▸ DATA SUPPLIED:
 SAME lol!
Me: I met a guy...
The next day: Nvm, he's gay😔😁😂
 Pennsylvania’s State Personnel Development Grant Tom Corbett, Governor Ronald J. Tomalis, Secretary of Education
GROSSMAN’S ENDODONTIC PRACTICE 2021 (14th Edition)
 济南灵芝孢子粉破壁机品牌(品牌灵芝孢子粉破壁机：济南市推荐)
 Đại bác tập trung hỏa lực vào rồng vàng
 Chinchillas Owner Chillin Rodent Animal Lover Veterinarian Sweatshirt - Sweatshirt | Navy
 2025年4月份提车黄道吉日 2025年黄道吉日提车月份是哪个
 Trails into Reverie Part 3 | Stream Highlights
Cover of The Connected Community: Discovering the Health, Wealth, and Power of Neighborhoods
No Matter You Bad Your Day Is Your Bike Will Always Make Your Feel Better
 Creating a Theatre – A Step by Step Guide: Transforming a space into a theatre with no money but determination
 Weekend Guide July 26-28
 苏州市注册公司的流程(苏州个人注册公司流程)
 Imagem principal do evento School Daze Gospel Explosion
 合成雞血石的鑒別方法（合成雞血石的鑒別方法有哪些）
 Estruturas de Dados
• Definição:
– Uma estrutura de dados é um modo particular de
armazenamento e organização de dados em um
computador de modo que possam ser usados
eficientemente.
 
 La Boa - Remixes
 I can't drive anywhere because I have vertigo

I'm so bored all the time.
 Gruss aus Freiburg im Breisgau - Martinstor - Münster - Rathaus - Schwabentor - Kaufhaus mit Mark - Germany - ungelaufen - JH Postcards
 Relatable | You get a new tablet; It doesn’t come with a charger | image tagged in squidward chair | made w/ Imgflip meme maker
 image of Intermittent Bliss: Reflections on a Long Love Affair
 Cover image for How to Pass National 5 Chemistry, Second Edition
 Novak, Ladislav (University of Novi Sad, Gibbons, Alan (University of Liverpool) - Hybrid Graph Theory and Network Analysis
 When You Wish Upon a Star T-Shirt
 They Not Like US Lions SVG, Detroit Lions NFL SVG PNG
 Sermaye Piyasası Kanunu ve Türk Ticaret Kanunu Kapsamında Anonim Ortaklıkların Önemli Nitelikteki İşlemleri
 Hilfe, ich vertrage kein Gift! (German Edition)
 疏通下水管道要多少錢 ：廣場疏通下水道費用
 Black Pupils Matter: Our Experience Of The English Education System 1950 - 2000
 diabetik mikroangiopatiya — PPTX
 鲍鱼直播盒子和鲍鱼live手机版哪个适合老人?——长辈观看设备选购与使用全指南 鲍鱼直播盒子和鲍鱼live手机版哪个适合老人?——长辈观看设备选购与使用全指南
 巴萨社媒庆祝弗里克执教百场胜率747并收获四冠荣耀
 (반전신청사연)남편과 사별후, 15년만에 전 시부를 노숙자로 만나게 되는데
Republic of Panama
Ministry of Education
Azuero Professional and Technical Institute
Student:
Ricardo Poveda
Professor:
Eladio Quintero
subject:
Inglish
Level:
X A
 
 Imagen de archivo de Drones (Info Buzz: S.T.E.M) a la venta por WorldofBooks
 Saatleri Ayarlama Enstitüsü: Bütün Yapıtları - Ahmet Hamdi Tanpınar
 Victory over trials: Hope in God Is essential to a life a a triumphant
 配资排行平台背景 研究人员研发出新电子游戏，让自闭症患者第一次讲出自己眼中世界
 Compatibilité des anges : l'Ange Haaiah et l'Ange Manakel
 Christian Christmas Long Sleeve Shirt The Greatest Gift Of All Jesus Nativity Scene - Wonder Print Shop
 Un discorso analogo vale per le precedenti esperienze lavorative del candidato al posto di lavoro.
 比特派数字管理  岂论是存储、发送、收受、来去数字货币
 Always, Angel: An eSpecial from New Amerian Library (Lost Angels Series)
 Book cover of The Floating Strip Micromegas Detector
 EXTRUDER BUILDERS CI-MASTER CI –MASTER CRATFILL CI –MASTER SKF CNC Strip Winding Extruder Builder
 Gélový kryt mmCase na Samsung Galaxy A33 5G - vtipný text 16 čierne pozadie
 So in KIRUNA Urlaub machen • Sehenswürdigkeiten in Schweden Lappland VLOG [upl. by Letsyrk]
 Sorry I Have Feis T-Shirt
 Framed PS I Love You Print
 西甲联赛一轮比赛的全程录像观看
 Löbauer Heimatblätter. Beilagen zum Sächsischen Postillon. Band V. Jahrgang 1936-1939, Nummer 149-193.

▸ WHAT THE EXERCISE ASKS:
What is needed is the number of lines in the data that contain "Matter", given with nothing else.

▸ OUTPUT OF THE TASK:
2